Option (2) Direct DB credentials
If the summarization software is installed on a dedicated machine (separate from the Open XDMoD server), then the XDMoD datawarehouse location and access credentials should be specified as follows:
Create a file called .supremm.my.cnf
in the home directory of the user that
will run the job summarization software. This file must include the username
and password to the Open XDMoD datawarehouse mysql server:
[client]
user=[USERNAME]
password=[PASSWORD]
ensure the “datawarehouse” section of the config.json
file has settings like
the following, where XDMOD_DATABASE_FILL_ME_IN should be set to the hostname of
the XDMoD database server.
{
...
"datawarehouse": {
"db_engine": "MySQLDB",
"host": "XDMOD_DATABASE_FILL_ME_IN",
"defaultsfile": "~/.supremm.my.cnf"
},
}
MongoDB settings
If you used Option (1) XDMoD path specification in the datawarehouse configuration then use the following configuration settings:
{
...
"outputdatabase": {
"include": "xdmod://jobsummarydb"
}
}
Otherwise the MongoDB settings can be specified directly as follows:
The outputdatabase
.uri
should be set to the uri of the MongoDB server that
will be used to store the job level summary documents.

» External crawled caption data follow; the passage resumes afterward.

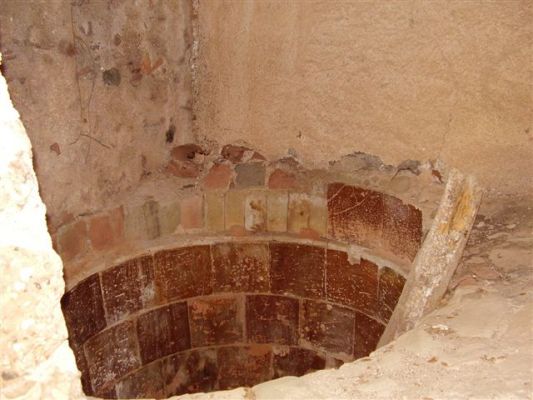 Premi aqui per a veure la imatge a grand�ria completa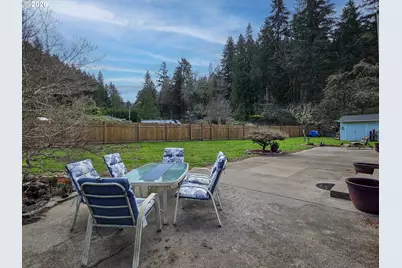 13550 SW Parmele Rd, Gaston, OR 97119 - Photo 31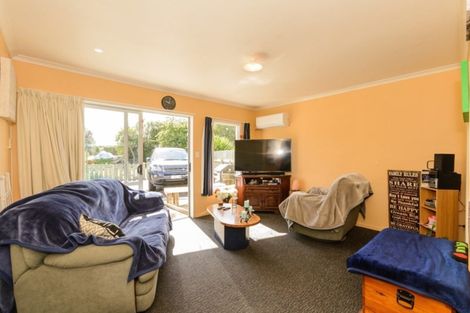 Photo of property in 2/49 High Street, Renwick, 7204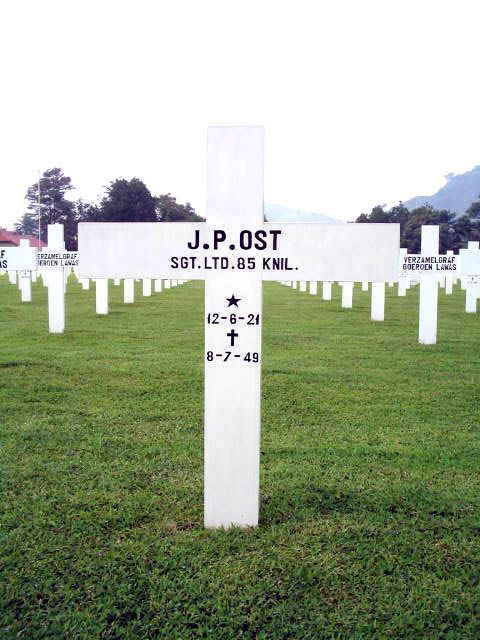 ost.j.p.2005.jpg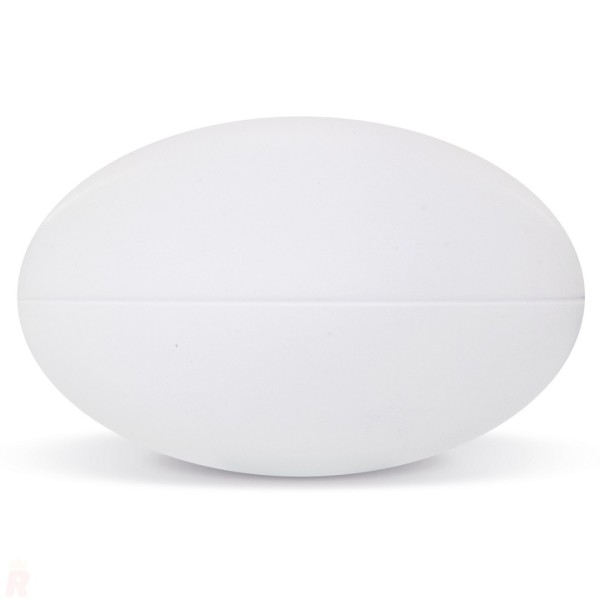 Pelota Antiestrés RUGBY - Ref. 10534 Cifra
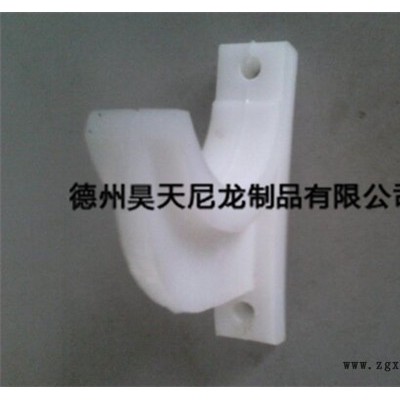 供应尼龙注塑1塑料配件加工业务图1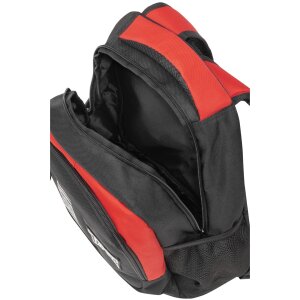 TAPOUT Leafdale Rucksack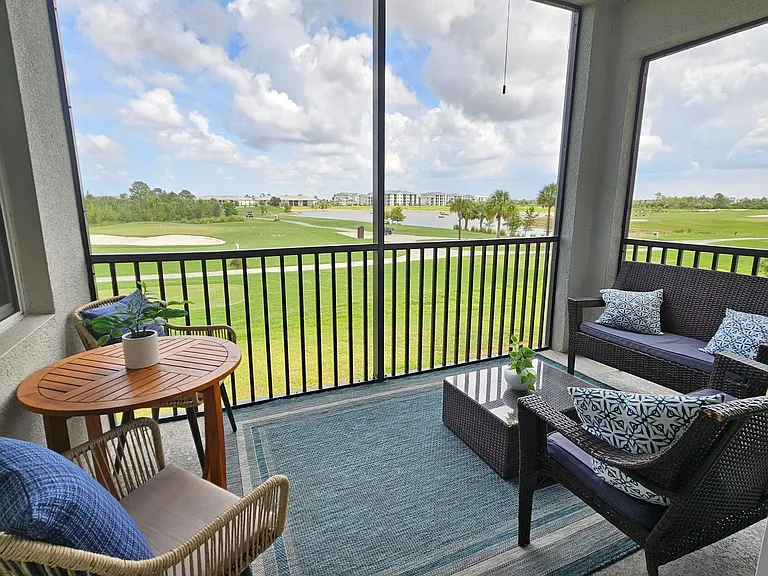 12180 Wellen Golf St #207 — Photo 35
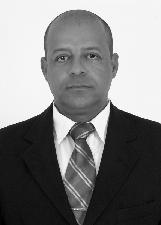 Foto de MERSULO DE SOUSA SANTOS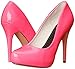 Michael Antonio Women's Launey-pat Platform Pump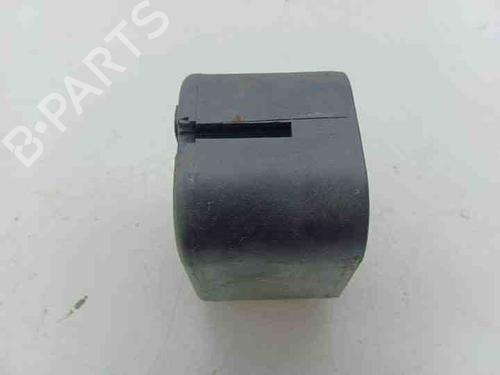 Electronic module OPEL ASTRA J GTC 2.0 CDTI (08) | BP28844104M83 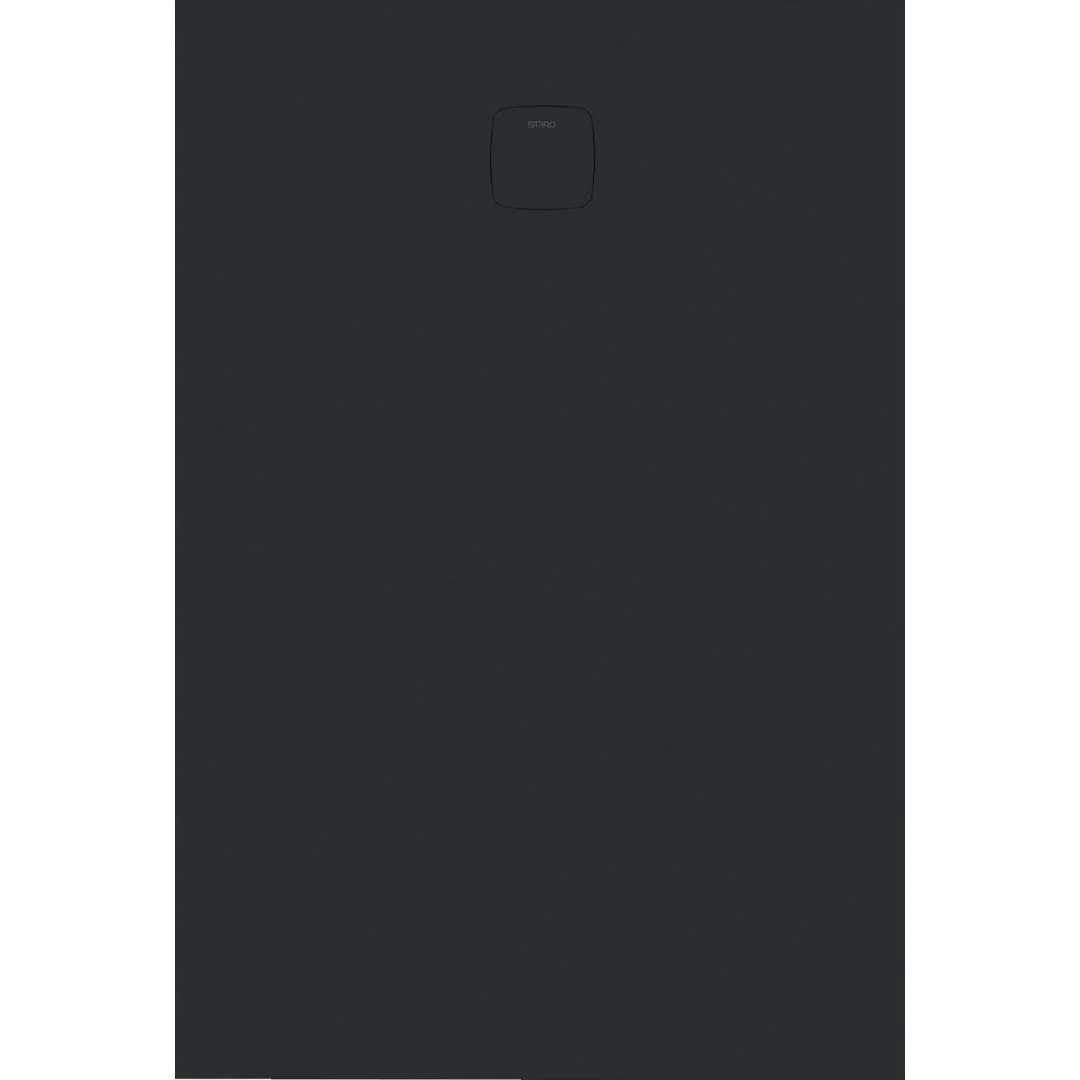 Душевой поддон STAROhome COSMO 140х90 BLACK MATT 21458959 из искусственного камня Душевой поддон STAROhome COSMO 140х90 BLACK MATT 21458959 из искусственного камня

The uri syntax is
described in the MongoDB documentation. You must specify the database name in
the connection uri string in addition to specifying it in the dbname
field
{
...
"outputdatabase": {
"type": "mongodb",
"uri": "mongodb://localhost:27017/supremm",
"dbname": "supremm"
},
}
Setup the Database
The summarization software uses relational database tables to keep track of
which jobs have been summarized, when and which version of the software was
used. These tables are added to the modw_supremm
schema that was created when
the Open XDMoD SUPReMM module was installed. The database creation script is
located in the /usr/share/supremm/setup
directory and should be run on the
XDMoD datawarehouse DB instance.
$ mysql -u root -p < [PATH TO PYTHON SITE PACKAGES]/supremm/assets/modw_supremm.sql
Where [PATH TO PYTHON SITE PACKAGES]
is the path to the python site packages install directory
(/usr/lib64/python2.7
for a Centos 7 RPM install and /usr/lib64/python3.6/site-packages
for Rocky 8 RPM install).
Setup MongoDB
$ mongo [MONGO CONNECTION URI] [PATH TO PYTHON SITE PACKAGES]/supremm/assets/mongo_setup.js
where [MONGO CONNECTION URI] is the uri of the MongoDB database.